Der Staatsanwalt ist angepisst. Ich habe es gewagt, gegen den Strafbefehl des Amtsgerichts Einspruch einzulegen. Zu allem Überfluss habe ich den Einspruch auch noch begründet und Schritt für Schritt dargelegt, warum mein Mandant sich nicht strafbar gemacht hat. Oder ihm eine Straftat zumindest nicht nachzuweisen ist.

Die Argumente haben den Richter immerhin veranlasst, eine Stellungnahme der Staatsanwaltschaft einzuholen. Die vorgeschlagene Einstellung des Verfahrens wegen geringer Schuld lehnt der Anklagevertreter jedoch brüsk ab. Stattdessen holt er, ohne Argumente in der Sache, zum Gegenschlag aus:

Bei näherer Betrachtung war es zum vorliegenden Fall schon kaum vertretbar, im Strafbefehlsantrag nur die Mindeststrafe zu verhängen. Dies wird mit Sicherheit in der anzuberaumenden Hauptverhandlung überdacht werden.

Was sagt uns das?

Zunächst staune ich über das offene Eingeständnis, dass der Ankläger bislang offenbar nicht so genau in die Akte geschaut oder dabei zumindest nicht genug verstanden hat. Auch wenn ich nicht so ganz sehe, wie eine nähere Betrachtung ausgerechnet dazu führen soll, dass mein Mandant (noch) härter zu bestrafen ist. So schlecht sind meine Argumente nun auch wieder nicht.

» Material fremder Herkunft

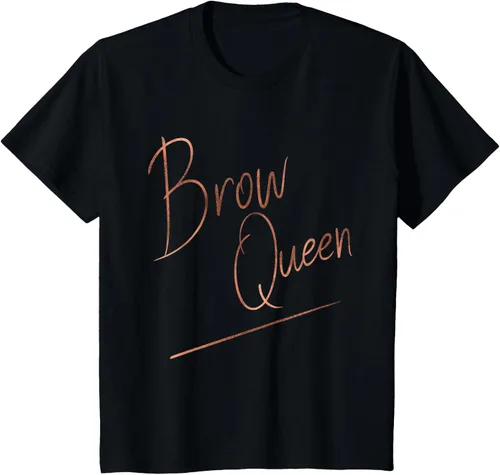 Miniatura 36 de Brow Queen Ombre - Camiseta de escritura a mano, regalo para artista de maquillaje, Negro, S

Wobei sich das auch daran zeigt, dass offen gedroht wird: Es könnte ja noch schlimmer kommen. Das ist nach dem Buchstaben des Gesetzes zwar richtig; in der Hauptverhandlung ist das Gericht nicht mehr an den Strafbefehl gebunden. Andererseits kommt die Drohung von eben jenem Staatsanwalt, der den Strafbefehl für das Gericht erst vor kurzem vorformuliert hat. Was ja nichts anderes heißt, als dass sein eigener Vorschlag dann „mit Sicherheit“ Schrott gewesen wäre.

Insgesamt also eine inhaltsleere Drohgebärde. Das ist ziemlich unprofessionell. Ich werde mich gerne daran erinnern, wenn mir mal wieder vorgeworfen wird, Verteidiger würden nur tricksen, tarnen und täuschen. Offensichtlich sind wir damit zumindest nicht allein.